Here is What I Think:

  • The Second Amendment Does Not Guarantee Private Gun Ownership.

    Votes: 39 38.2%
  • The Second Amendment Does Guarantee Private Gun Ownership.

    Votes: 63 61.8%

  • Total voters
    102

Mudcat

Man of a Thousand Memes
Joined
Apr 6, 2011
Messages
6,474
Before we get to the discussion, let me get this out the way that this is not a topic intended to be about gun control. Rather it is about the constitutional amendment and what it says. Because, let's face it, the wording isn't exactly clear.

Here it is, as ratified by the states and authenticated by Thomas Jefferson:

"A well regulated militia being necessary to the security of a free state, the right of the people to keep and bear arms shall not be infringed."

For two centuries it was accepted that the amendment had two clauses, the first pertaining to militias and the second pertaining to the ownership and that the first trumped the second. Meaning that the ownership of firearms was secondary to maintaining well regulated militias and that private ownership of firearms is not what it guarantees and not what it was intended for.

It is this interpretation I most agree with.
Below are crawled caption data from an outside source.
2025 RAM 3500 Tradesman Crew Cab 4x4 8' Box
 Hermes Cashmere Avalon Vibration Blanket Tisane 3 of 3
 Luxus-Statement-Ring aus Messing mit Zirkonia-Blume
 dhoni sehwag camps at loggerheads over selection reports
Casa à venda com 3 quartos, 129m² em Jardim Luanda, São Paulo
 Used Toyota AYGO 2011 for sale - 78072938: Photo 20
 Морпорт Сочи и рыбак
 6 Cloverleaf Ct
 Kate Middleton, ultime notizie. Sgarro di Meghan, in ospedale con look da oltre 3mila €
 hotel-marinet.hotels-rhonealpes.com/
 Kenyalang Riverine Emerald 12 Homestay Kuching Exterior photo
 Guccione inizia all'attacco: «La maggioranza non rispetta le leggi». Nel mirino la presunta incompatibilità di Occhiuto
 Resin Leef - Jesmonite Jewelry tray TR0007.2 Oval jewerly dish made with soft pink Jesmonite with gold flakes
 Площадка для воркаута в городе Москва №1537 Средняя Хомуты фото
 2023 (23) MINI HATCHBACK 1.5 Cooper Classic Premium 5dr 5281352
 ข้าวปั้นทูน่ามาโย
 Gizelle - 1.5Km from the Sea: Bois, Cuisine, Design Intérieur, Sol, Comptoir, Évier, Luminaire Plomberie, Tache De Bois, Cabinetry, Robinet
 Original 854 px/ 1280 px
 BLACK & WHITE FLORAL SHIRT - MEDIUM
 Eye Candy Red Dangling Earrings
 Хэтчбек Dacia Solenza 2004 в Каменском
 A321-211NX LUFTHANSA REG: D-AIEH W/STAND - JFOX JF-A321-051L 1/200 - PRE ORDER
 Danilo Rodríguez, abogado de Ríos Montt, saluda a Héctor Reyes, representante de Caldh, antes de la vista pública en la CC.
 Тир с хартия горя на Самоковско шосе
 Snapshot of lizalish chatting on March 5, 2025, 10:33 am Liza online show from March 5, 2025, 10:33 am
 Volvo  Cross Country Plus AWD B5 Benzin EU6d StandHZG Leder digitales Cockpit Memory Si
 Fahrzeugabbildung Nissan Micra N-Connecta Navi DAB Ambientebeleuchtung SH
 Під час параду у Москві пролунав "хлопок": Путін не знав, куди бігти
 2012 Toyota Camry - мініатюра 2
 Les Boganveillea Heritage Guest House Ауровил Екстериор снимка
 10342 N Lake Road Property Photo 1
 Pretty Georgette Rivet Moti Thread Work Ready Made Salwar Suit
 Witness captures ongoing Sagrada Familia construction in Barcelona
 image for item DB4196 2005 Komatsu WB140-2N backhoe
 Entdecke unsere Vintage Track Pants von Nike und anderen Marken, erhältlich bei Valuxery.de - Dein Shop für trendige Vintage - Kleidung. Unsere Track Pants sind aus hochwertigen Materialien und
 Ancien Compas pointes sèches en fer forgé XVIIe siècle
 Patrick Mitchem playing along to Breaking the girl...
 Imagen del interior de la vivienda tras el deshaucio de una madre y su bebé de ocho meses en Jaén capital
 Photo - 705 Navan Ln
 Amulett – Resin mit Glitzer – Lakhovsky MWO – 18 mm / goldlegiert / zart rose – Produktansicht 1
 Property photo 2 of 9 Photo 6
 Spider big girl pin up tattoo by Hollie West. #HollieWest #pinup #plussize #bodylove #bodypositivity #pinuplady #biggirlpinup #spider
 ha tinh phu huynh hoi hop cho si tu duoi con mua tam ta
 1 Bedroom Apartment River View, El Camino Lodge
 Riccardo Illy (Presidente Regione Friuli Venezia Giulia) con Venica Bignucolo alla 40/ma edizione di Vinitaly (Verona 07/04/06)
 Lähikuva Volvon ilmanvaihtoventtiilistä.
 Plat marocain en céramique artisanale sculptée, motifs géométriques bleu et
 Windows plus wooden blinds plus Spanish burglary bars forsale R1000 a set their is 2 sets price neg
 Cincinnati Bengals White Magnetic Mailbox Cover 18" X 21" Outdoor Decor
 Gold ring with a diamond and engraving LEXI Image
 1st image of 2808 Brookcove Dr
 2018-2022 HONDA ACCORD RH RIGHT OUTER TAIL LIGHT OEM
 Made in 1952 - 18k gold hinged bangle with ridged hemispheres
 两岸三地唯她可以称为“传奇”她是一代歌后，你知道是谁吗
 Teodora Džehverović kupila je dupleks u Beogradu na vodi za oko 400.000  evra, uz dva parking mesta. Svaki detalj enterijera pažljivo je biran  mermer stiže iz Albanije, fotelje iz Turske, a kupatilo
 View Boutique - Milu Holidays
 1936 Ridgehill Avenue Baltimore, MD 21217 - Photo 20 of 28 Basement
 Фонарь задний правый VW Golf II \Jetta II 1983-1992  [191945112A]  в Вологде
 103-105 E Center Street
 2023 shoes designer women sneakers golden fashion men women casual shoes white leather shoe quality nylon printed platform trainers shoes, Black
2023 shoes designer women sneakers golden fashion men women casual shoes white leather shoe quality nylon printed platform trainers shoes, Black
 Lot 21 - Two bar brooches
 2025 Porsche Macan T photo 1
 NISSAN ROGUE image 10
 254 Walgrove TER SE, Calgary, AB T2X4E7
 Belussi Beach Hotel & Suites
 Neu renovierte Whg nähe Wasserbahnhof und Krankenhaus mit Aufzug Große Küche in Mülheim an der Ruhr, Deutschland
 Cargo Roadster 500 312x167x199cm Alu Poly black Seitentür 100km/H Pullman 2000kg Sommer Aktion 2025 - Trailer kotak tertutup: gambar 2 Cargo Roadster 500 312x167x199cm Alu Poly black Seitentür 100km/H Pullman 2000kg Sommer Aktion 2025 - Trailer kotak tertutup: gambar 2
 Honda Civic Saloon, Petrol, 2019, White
The founding fathers were not stupid people and understood that firearms are dangerous weapons and not everyone is suited to own and operate one.
 
Using my fancy english language skills (which isn't easy considering how poorly that sentence was written) it seems to me that the militia part is the reasoning behind the second part and that, since we no longer do the well regulated militia thing, we should probably reevaluate the necessity and/or reasons for the second part.

The courts appear to have ruled that the militia part is superfluous, so I guess that's the closest thing we'll get to a reevaluation.

So, I guess as a response to the poll options, I would say it does both. Because of the need for a militia it guarantees private gun ownership, without the militia it (the amendment as written) does not.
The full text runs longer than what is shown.